Gazeteci Hasan Tahsin, Turuncu TV’de yayınlanan, Pelin Uzun’un sunduğu Gazeteci Adem Nakçı’nın yorumladığı GERÇEK HABERCİ ile Gündem’in konuğu oldu. Tahsin, İzmir basınının sorunlarını aktardı. Gazete patronlarının gazetecilik geçmişi olması gerektiğini savunan Tahsin, “Muhabir geçmişi olmayan gazeteci değildir. Sadece köşe yazısı yazıp muhabirlik geçmişi olmayan gazeteci değildir” dedi.
“Gazete vatandaş için basılır”
Tahsin, belediyelerin ilan ve tanıtım dışında desteklerine karşı olduğunu vurgulayarak, “İzmir’de yayınlanan gazetelerin 3’te 2’si İzmir’i tanımıyor, bilmiyor. İzmir’deki gazeteleri toplayalım, basın birlikteliği yapalım. Bu işin adını koyarak vatandaşı davet edelim. Vatandaş gazeteciye derdini anlatsın. Ben gerçekten buna gönüllüyüm.
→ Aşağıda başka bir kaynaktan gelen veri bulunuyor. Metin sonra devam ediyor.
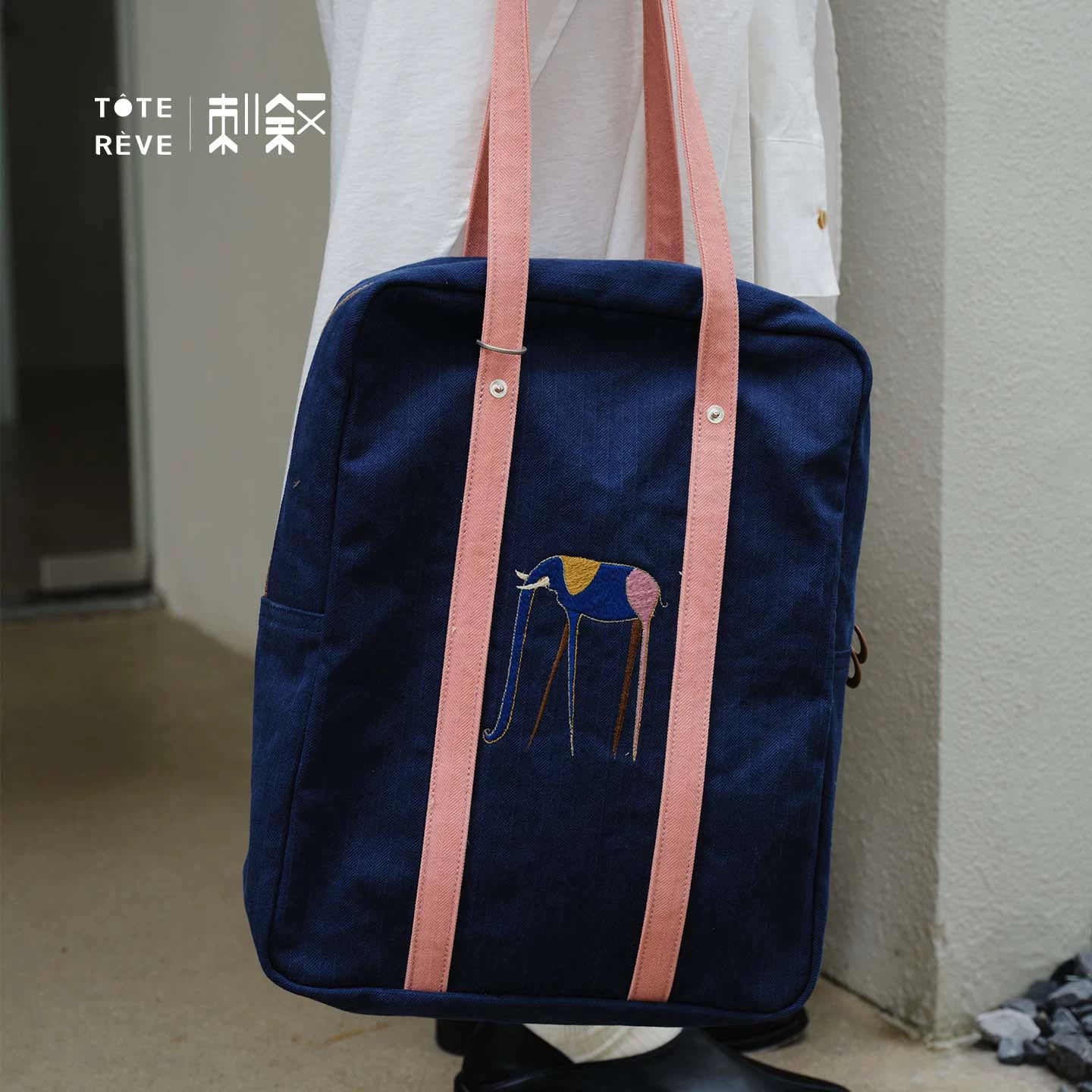Teto Reve, Designer Canvas Bag Commuter Slack Boston Bag Autumn and Winter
Gazeteler belediyeler, siyasi partiler için değil vatandaş için basılır” sözlerine yer verdi.
“Özal’ın basına bakışı darbeden daha kötü”
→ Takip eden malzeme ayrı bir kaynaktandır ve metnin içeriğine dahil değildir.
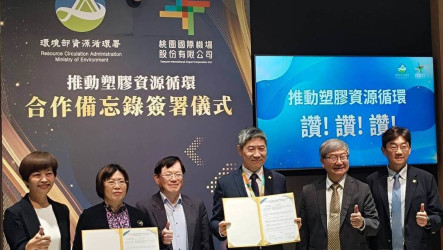 桃機減塑　環境部協助媒合再生利用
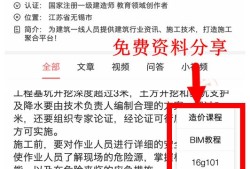 已經(jīng)注冊了二建建造師，一建建造師考下來還可以注冊嗎？需要注意什么？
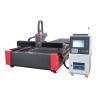 Buy cheap exchange Worktable 1500W Fiber Laser Cutter Sheet Metal from wholesalers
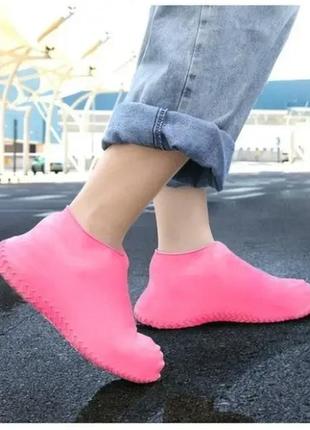 Силиконовые чехлы бахилы для обуви от дождя и грязи размер m 36-40 розовый, бахилы от дождя (091823m)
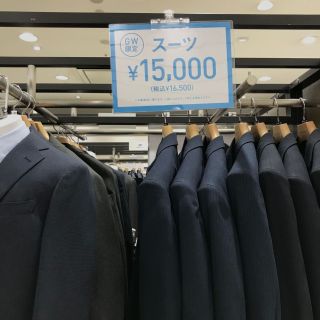 Meguページ☆THE SUIT COMPANY⭐︎おまとめ5点 ⭐︎GW限定価格⭐︎スーツがお買い得！｜THE SUIT COMPANY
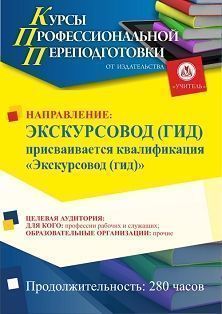 Экскурсовод (гид). Присваивается квалификация «Экскурсовод (гид)» (280 ч.)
İzmir’de en çok satılan gazetenin neden yerel değil de İstanbul gazetesi olan Sözcü’nün satıldığını eleştiren Tahsin, “Turgut Özal, Türkiye basının özgürlüğünü yok etmiş insandır. Turgut Özal’ın basına bakışı darbeden daha kötüdür. İzmir’de kimin evine günlük gazete giriyor. İzmir gibi Türkiye basının temellerini atmış bir kentte İstanbul gazetesi olan Sözcü’nün çok satılması İzmir Gazeteciler Cemiyeti’nin düşünmesi gereken bir ayrıntı değil midir? Neden 9 Eylül, Ege Telgraf, Gerçek Haberci, İz Gazete, İlkses değil. Oysa muhteşem haberler, analizler var. Bir belediye başkanının zamanında makamın altında gazeteler görmüştüm orada gözümde her şey bitti” diye konuştu.
“Özeleştiri yapılması gerekiyor”
Tasarrufa ihtiyaç olduğunu; ama keşke bu tasarrufa iktidar da Cumhurbaşkanlığı da uyması gerektiğini vurgulayan Tahsin, şunları söyledi:
“Son bayramda da tasarrufun ‘t’ sinin Türkiye’de olmadığını gördük. Gazetelerle ilgili alınan kararın tepki duyulacak yanı var; ama gazete patronları, gazeteciler ve gazeteci örgütleri oturup öz eleştiri yapmaları gerekiyor. Ben İzmir’de meclis kürsüsünden kovulan, Ticaret Odası, Parlamento’dan verilen talimatıyla atılan gazetecileri biliyorum. O gazeteciler atılırken İzmir’de ne Gazeteciler Cemiyeti ne de sendika ne yapıyorsunuz demedi.”